Slashdot Mirror


Good POP3 Server for Huge Mailboxes?

brainchill asks: "I've got about 10,000 users split between a couple of quad 550 xeon machines. The machines have 2GB of ram. The problem is that the UW POP3 server takes a huge hit in both cpu and memory utilization when a 40+MB mail spool is requested via POP3. Sometimes it's bad enough to drag the monster boxes to their knees. What other POP3 daemons do you guys have experience with and how do they perform with large mailboxes"

10 of 57 comments (clear)

  1. MS by Anonymous Coward · · Score: 5, Funny

    MS Exchange.

    You know you want to.

  2. Stop using mbox and switch to Maildir by Electrum · · Score: 5, Insightful

    You won't get good performance with mbox, period. You need to switch to Maildir. qmail-pop3d works great with Maildir. Maildir scales far better than mbox since it doesn't have to parse out the individual messages. It also doesn't have to use locking. This also makes Maildir inherently more reliable than mbox. There are many tools available to convert between mbox and Maildir.

    1. Re:Stop using mbox and switch to Maildir by phaze3000 · · Score: 5, Informative
      Actually, maildir *can* be just as bad, if not worse.

      I work for an ISP where we have ~ 50 000 email users. Maildir's great when you have a few messages, and if one of these messages happens to be big then it doesn't matter. However, if a user has tens of thousands of emails of whatever size in their mailbox (happens far, far more often than you might think) then just getting a list of files in the directory can take an age. In the scenario where a user has masses of small messages (sub 2k) then mbox would probably be faster.
      Whilst I'd certainly recommend using Maildir over mbox, it's certainly not going to solve all the problems.

      --
      Blaming GW Bush for the Iraq war is like blaming Ronald McDonald for the poor quality of food.
    2. Re:Stop using mbox and switch to Maildir by Electrum · · Score: 5, Informative

      However, if a user has tens of thousands of emails of whatever size in their mailbox (happens far, far more often than you might think) then just getting a list of files in the directory can take an age.

      This is a filesystem problem. Use a better one. On FreeBSD, enable dirhash. On Linux, use ReiserFS or ext3 with htree.

  3. mbx by zsmooth · · Score: 5, Informative

    I use mbx personally (NOT mbox) and it scales wonderfully. The mailbox is fully indexed to speed up searching and can be accessed simultaneously by various processes. See here for more information.

  4. Yes, qmail by Scarabaeus · · Score: 5, Informative

    I can only second that. qmail runs like a charm and scales.

    Check out cr.yp.to/qmail.html and www.qmail.org

  5. Cyrus? by Pathwalker · · Score: 5, Informative

    Have you looked at Cyrus? It is probably best known as an IMAP server, but it has very nice pop3 support as well.

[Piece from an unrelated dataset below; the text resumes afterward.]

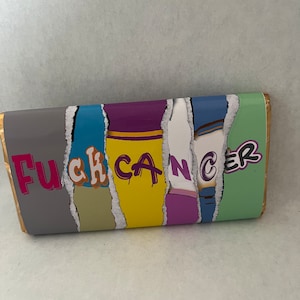 Puede incluir: Envoltorio de barra de chocolate con las palabras "Fuck Cancer" en un dise&ntilde;o colorido de papel rasgado. El envoltorio tiene un borde dorado y un fondo gris.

    Cyrus stores messages in a variation of the maildir format - it maintain a database of the flags, headers, etc for the messages in a folder to speed up access.

    Notable features include shared mail folders (with independent views), quotas, multiple mail partitions (with the ability to move users across partitions on the fly), duplicate email checking, and a server side filtering language (sieve).

    Most of this would probably be most useful if you were using IMAP, but it should scale quite well as a POP server.

    1. Re:Cyrus? by Matthew+Weigel · · Score: 5, Informative

      Mostly right, in a very broad non-technical way.

      Cyrus's mailstore system is actually quite different from Maildir, in particular because it doesn't need to play games with user processes (the way read/unread messages are handled in Maildir is handled that way so multiple processes can manipulate messages at the same time, for instance).

      Also, most of the abilities you list are simply unavailable via POP; Cyrus is massive overkill for a POP server, and would require even more resources (particularly disk: the users that have 40MB spool files now could probably find themselves with 2GB of mail if you let them... and even the non-abusive users would require more storage for IMAP than for POP).

      Incidentally, we use qpopper to handle POP - and quite a few users go over 40MB without killing our (not particularly beefy, and not dedicated mail) servers. I suspect the real problem is that the guy is using uw-imap's POP server - the author of which is notoriously unconcerned with the performance (or lack thereof) of spoolfiles being served over POP. Which is perfectly reasonable - he writes an IMAP server, he should be concerned with IMAP performance, and if he writes a better mailbox format (he has) then he should also concern himself with that and not a 20+ year old format.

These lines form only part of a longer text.